◆ **Task directions**:
Retype the entries. Match them exactly.

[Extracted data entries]
# # # #

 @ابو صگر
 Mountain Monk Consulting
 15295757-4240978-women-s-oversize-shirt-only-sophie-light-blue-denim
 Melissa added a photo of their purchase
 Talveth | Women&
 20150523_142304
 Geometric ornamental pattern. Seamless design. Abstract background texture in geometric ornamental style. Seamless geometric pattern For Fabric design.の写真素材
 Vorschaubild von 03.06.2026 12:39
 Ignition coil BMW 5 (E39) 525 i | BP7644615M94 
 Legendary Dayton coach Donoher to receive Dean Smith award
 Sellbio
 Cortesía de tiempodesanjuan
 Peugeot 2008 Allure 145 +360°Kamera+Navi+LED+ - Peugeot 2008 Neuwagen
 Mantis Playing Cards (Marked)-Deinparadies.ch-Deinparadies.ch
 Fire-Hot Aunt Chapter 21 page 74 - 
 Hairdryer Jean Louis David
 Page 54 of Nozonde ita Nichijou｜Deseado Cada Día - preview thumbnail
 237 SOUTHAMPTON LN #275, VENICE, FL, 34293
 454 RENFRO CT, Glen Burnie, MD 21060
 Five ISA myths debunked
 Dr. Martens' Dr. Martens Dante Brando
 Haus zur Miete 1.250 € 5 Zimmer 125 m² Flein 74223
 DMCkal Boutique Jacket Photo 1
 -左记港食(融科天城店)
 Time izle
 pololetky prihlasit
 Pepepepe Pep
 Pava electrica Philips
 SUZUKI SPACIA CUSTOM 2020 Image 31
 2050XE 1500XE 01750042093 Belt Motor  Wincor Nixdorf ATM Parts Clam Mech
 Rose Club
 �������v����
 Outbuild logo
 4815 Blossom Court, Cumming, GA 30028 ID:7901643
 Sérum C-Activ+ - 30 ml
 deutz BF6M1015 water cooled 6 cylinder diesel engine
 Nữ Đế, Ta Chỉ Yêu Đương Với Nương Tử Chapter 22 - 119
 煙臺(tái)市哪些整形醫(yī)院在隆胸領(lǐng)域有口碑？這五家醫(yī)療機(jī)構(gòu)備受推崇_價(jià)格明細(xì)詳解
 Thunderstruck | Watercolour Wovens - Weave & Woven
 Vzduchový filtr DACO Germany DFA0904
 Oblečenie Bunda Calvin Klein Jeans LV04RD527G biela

# # # #

◆ **Exercise result**:
 @ابو صگر
 Mountain Monk Consulting
 15295757-4240978-women-s-oversize-shirt-only-sophie-light-blue-denim
 Melissa added a photo of their purchase
 Talveth | Women&
 20150523_142304
 Geometric ornamental pattern. Seamless design. Abstract background texture in geometric ornamental style. Seamless geometric pattern For Fabric design.の写真素材
 Vorschaubild von 03.06.2026 12:39
 Ignition coil BMW 5 (E39) 525 i | BP7644615M94 
 Legendary Dayton coach Donoher to receive Dean Smith award
 Sellbio
 Cortesía de tiempodesanjuan
 Peugeot 2008 Allure 145 +360°Kamera+Navi+LED+ - Peugeot 2008 Neuwagen
 Mantis Playing Cards (Marked)-Deinparadies.ch-Deinparadies.ch
 Fire-Hot Aunt Chapter 21 page 74 - 
 Hairdryer Jean Louis David
 Page 54 of Nozonde ita Nichijou｜Deseado Cada Día - preview thumbnail
 237 SOUTHAMPTON LN #275, VENICE, FL, 34293
 454 RENFRO CT, Glen Burnie, MD 21060
 Five ISA myths debunked
 Dr. Martens' Dr. Martens Dante Brando
 Haus zur Miete 1.250 € 5 Zimmer 125 m² Flein 74223
 DMCkal Boutique Jacket Photo 1
 -左记港食(融科天城店)
 Time izle
 pololetky prihlasit
 Pepepepe Pep
 Pava electrica Philips
 SUZUKI SPACIA CUSTOM 2020 Image 31
 2050XE 1500XE 01750042093 Belt Motor  Wincor Nixdorf ATM Parts Clam Mech
 Rose Club
 �������v����
 Outbuild logo
 4815 Blossom Court, Cumming, GA 30028 ID:7901643
 Sérum C-Activ+ - 30 ml
 deutz BF6M1015 water cooled 6 cylinder diesel engine
 Nữ Đế, Ta Chỉ Yêu Đương Với Nương Tử Chapter 22 - 119
 煙臺(tái)市哪些整形醫(yī)院在隆胸領(lǐng)域有口碑？這五家醫(yī)療機(jī)構(gòu)備受推崇_價(jià)格明細(xì)詳解
 Thunderstruck | Watercolour Wovens - Weave & Woven
 Vzduchový filtr DACO Germany DFA0904
 Oblečenie Bunda Calvin Klein Jeans LV04RD527G biela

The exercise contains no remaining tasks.